EXERCISE:
Could you print the stretch of lines below from the one with "Leather Furniture Spots" through the one with "The Frostbound Warrior", exactly as they stand and without any pictures?

INFORMATION SHOWN:
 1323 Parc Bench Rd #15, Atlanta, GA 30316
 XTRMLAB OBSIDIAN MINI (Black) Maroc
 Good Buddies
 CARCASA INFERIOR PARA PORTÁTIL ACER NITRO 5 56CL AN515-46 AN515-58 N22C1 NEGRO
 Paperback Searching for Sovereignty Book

--

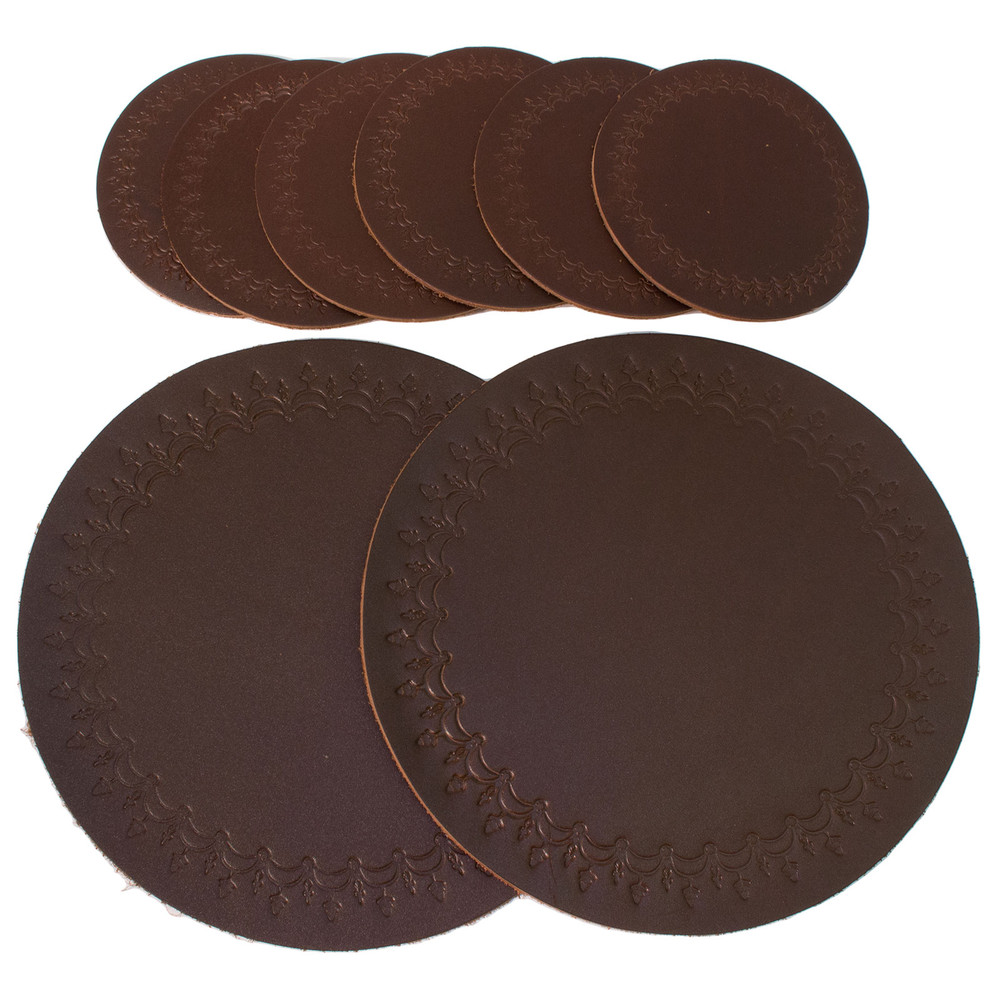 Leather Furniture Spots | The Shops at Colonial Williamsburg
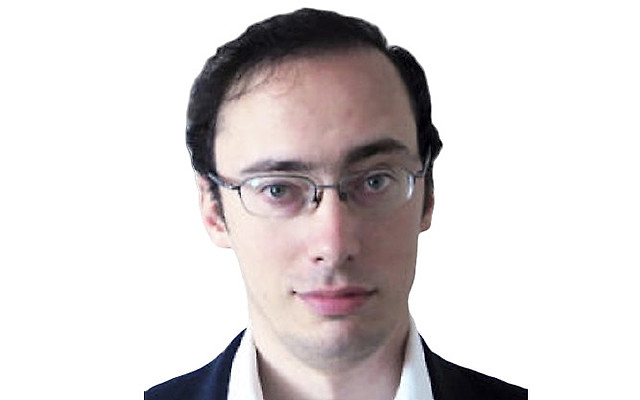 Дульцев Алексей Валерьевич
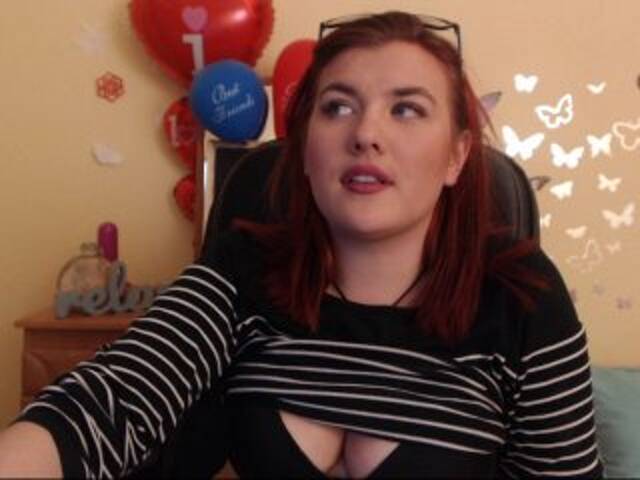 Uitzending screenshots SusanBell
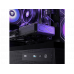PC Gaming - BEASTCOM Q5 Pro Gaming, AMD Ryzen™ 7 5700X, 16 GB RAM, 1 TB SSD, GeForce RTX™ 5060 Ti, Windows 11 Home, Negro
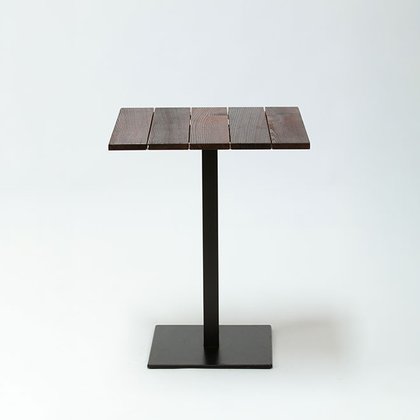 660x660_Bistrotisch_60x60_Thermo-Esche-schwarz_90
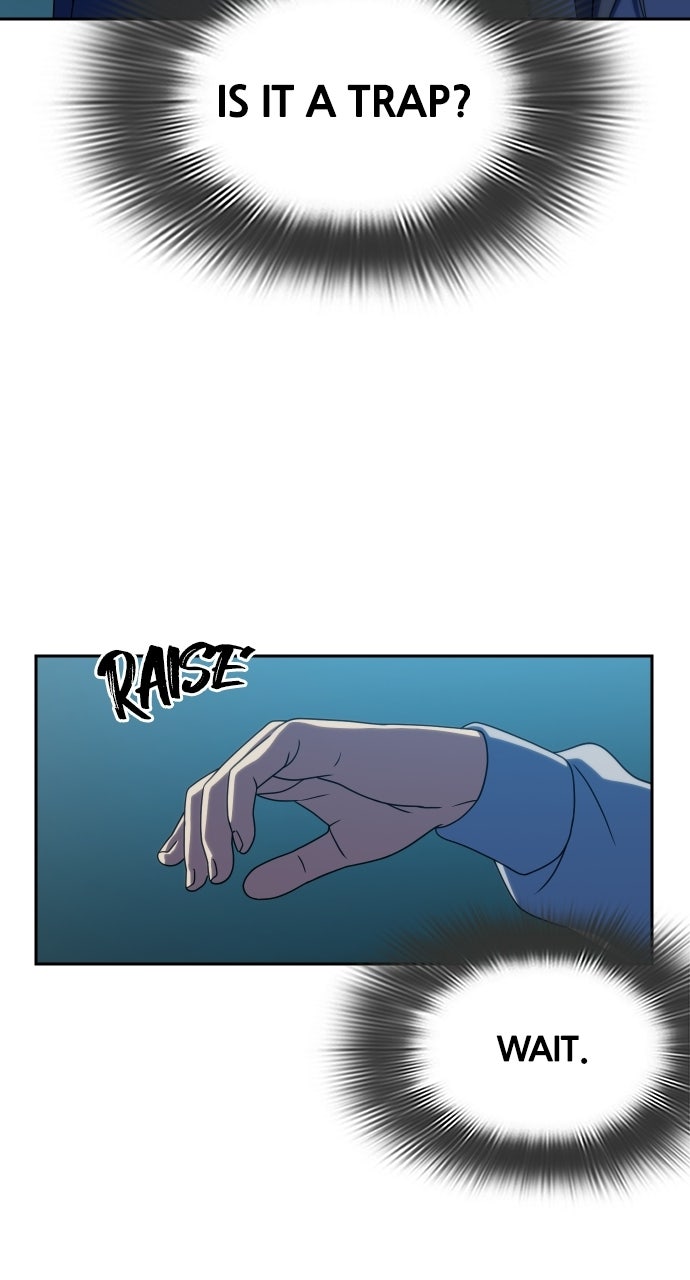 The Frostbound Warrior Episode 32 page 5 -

* * *

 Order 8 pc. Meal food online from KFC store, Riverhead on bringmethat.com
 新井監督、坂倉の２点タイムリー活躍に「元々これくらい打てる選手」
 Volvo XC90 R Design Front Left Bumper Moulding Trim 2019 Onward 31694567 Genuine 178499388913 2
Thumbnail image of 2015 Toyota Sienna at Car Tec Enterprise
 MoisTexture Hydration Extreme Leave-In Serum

EXPECTED ANSWER:
 Leather Furniture Spots | The Shops at Colonial Williamsburg
 Дульцев Алексей Валерьевич
 Uitzending screenshots SusanBell
PC Gaming - BEASTCOM Q5 Pro Gaming, AMD Ryzen™ 7 5700X, 16 GB RAM, 1 TB SSD, GeForce RTX™ 5060 Ti, Windows 11 Home, Negro
 660x660_Bistrotisch_60x60_Thermo-Esche-schwarz_90
 The Frostbound Warrior Episode 32 page 5 -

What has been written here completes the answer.